6 en heeft ons mede opgewekt en ons mede een plaats gegeven in de hemelse gewesten, in Christus Jezus, (Efeze 2:4-6)

In feite wordt ons hier hetzelfde verteld als in Johannes 3:16 en het aangehaalde uit Johannes 5. Paulus voegt echter wat extra informatie toe. Wij waren ‘dood’ (dood in zonden en misdaden), maar God heeft ons samen met de Here Jezus levend gemaakt, en ons samen met Hem een plaats in de hemelse gewesten gegeven. Hier is al wat duidelijker dat het niet om de opstanding van het lichaam gaat, maar om de bekering.

De volgende tekstplaats vinden we in de geschiedenis van de verloren zoon.

24 En haalt het gemeste kalf en slacht het, en laten wij een feestmaal hebben, want mijn zoon hier was dood en is weer levend geworden, hij was verloren en is gevonden. En zij begonnen feest te vieren.

32 Wij moesten feestvieren en vrolijk zijn, want uw broeder hier was dood en is levend geworden, hij was verloren en is gevonden. (Lukas 15:24,32)

Nu is het beeld helemaal helder. Iedereen begrijpt wat de vader bedoelt. Natuurlijk was de zoon niet lichamelijk gestorven en lichamelijk weer opgestaan. De vader was zijn zoon kwijtgeraakt (verloren) en nu was hij er weer.

Tot slot nog een tekst, mogelijk wel het duidelijkst met betrekking tot dit onderwerp.

Maar Hij zeide tot hem: Laat de doden hun doden begraven; maar ga gij heen en verkondig het Koninkrijk Gods. (Lukas 9:60)

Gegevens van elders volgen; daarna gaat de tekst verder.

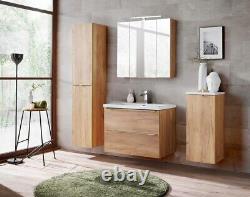 Bathroom Vanity Unit Sink 800 Wall Hung Cabinet Oak Capri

Iemand die nog niet tot geloof gekomen is, is (geestelijk) dood. Voor iemand die de Here Jezus volgt, is die toestand echter voorgoed voorbij. Er is een definitieve kloof ontstaan tussen de (geestelijk) doden, en zij die zijn wedergeboren. Die kloof is zo groot dat de Here Jezus oproept Hem zonder dralen te volgen, zelfs als dat betekent dat zo iemand niet zijn eigen vader kan begraven. Laat dat maar over aan de andere (geestelijk) doden.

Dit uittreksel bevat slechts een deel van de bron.